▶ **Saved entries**
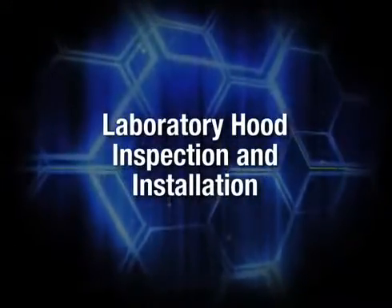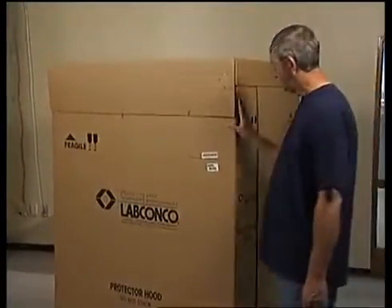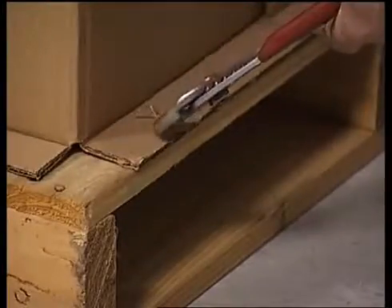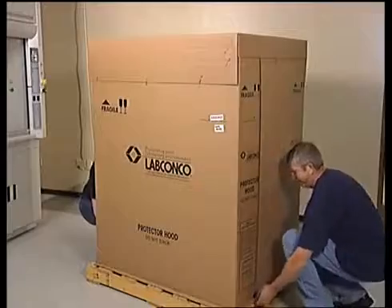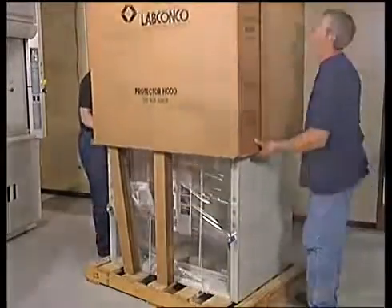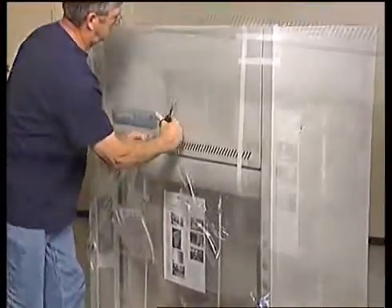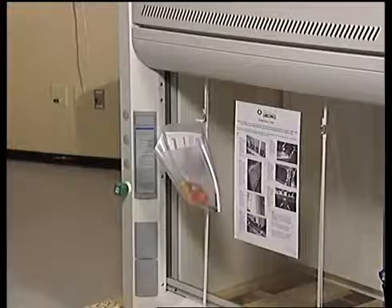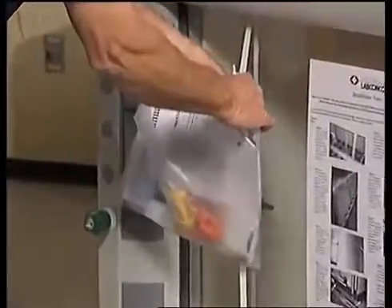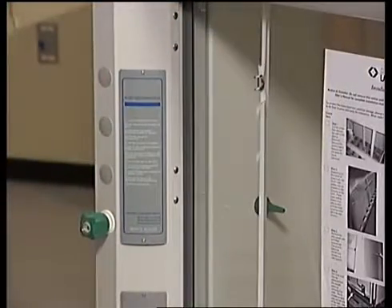As with the base cabinet, your Protector Premier hood and carton should be inspected and any damage reported directly to your carrier. Remove the staples securing the carton to the pallet. Remove the outer carton. Do not discard the packaging materials until all components are checked for damages. Cut the shrink wrap with scissors to avoid scratching the fume hood. Remove the plastic envelope that contains your installation instruction manual and accessory hardware. Refer to the instruction manual during installation and set aside the accessory hardware for future use.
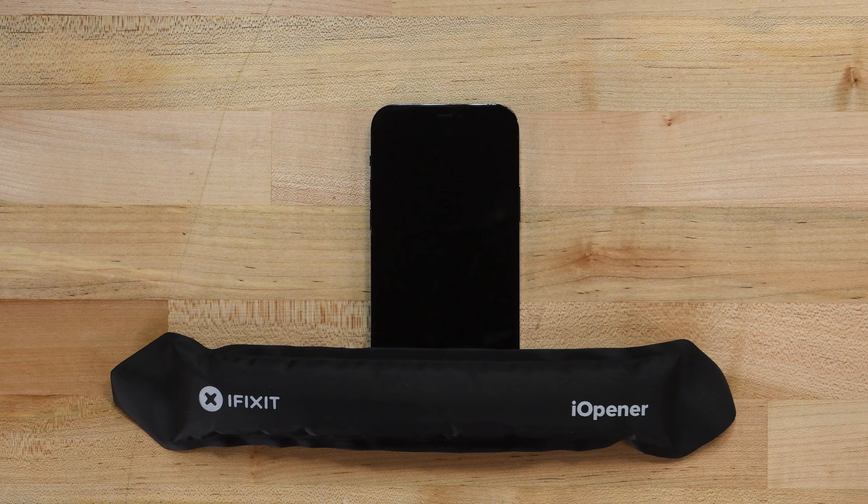To get the front panel off, we'll need to soften the adhesive holding it in place. Using a prepared eye opener, heat up the bottom edge of the phone. If you don't have an eye opener, a hair dryer or heat gun can be used. Just be very careful, as you run the risk of overheating and damaging your iPhone.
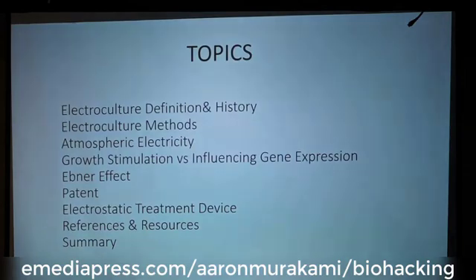Some of the stuff we're going to cover includes the electroculture definition, history, and some of the methods.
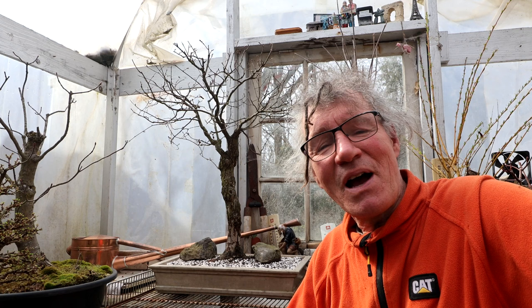That is all for today. I'm Nigel Saunders — thanks for joining me in the Bonsai Zone.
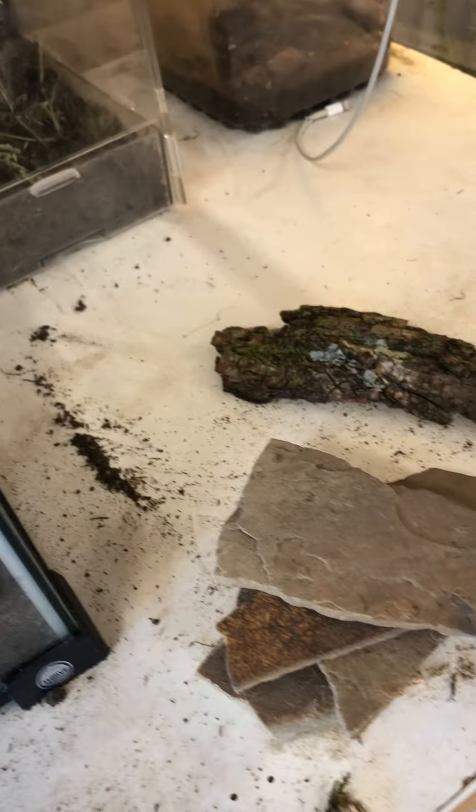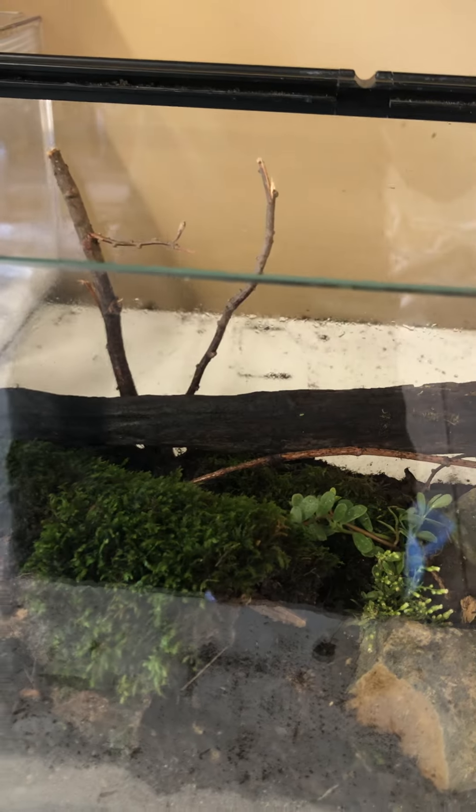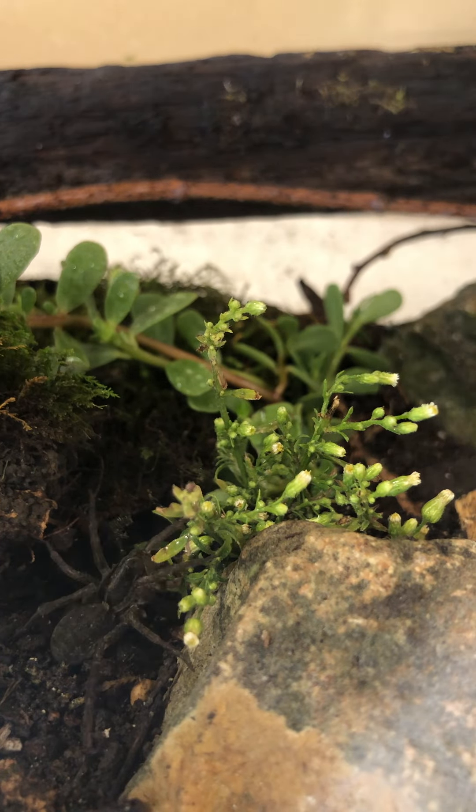Tell me if you guys like the enclosure in the comments below. Please like and subscribe to find more amazing content. And yes, I just added a water dish. That's all for this video — oh wait, before I end the video, I gotta add her in. Bingo, she's in.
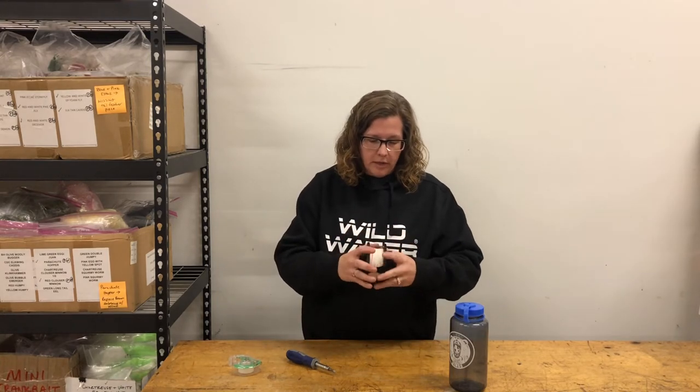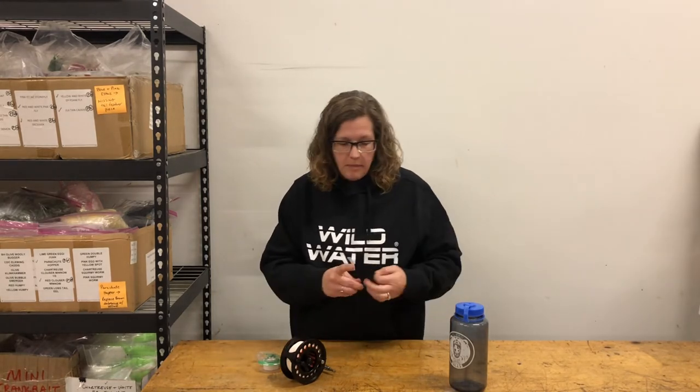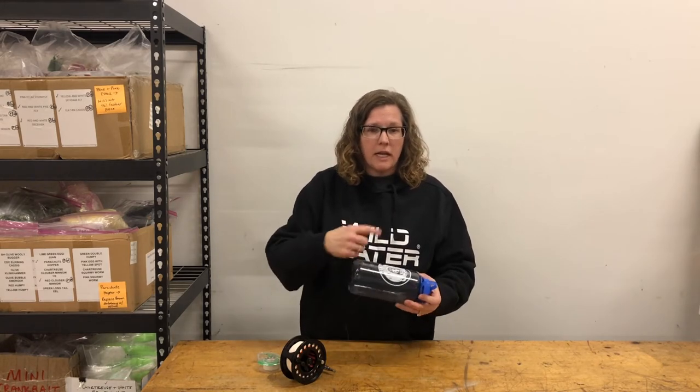Then you go ahead and put your spool back onto the frame. I'm going to strip off some of the leader. I'm going to use a piece of tape and tape the end of this leader to the water bottle so that I can wind the line onto the water bottle.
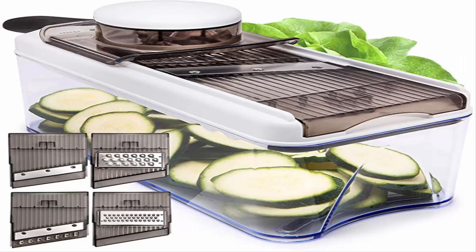Number 3: Adjustable Mandolin Slicer Vegetable Slicer by Home Native. Don't waste money on junky kitchen gadgets that clutter your drawers, or spend time slaving away with just a knife. This is everything you need in one, with 5 interchangeable blades for slicing, julienne, and grating, and 2 thickness settings with easy thumb dial control.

▶ **EXERCISE REQUIREMENTS**
Output every record verbatim, excluding any picture it contains.

▶ **SOLUTION TO THIS PROBLEM**
As with the base cabinet, your Protector Premier hood and carton should be inspected and any damage reported directly to your carrier. Remove the staples securing the carton to the pallet. Remove the outer carton. Do not discard the packaging materials until all components are checked for damages. Cut the shrink wrap with scissors to avoid scratching the fume hood. Remove the plastic envelope that contains your installation instruction manual and accessory hardware. Refer to the instruction manual during installation and set aside the accessory hardware for future use.
To get the front panel off, we'll need to soften the adhesive holding it in place. Using a prepared eye opener, heat up the bottom edge of the phone. If you don't have an eye opener, a hair dryer or heat gun can be used. Just be very careful, as you run the risk of overheating and damaging your iPhone.
Some of the stuff we're going to cover includes the electroculture definition, history, and some of the methods.
That is all for today. I'm Nigel Saunders — thanks for joining me in the Bonsai Zone.
Tell me if you guys like the enclosure in the comments below. Please like and subscribe to find more amazing content. And yes, I just added a water dish. That's all for this video — oh wait, before I end the video, I gotta add her in. Bingo, she's in.
Then you go ahead and put your spool back onto the frame. I'm going to strip off some of the leader. I'm going to use a piece of tape and tape the end of this leader to the water bottle so that I can wind the line onto the water bottle.
Number 3: Adjustable Mandolin Slicer Vegetable Slicer by Home Native. Don't waste money on junky kitchen gadgets that clutter your drawers, or spend time slaving away with just a knife. This is everything you need in one, with 5 interchangeable blades for slicing, julienne, and grating, and 2 thickness settings with easy thumb dial control.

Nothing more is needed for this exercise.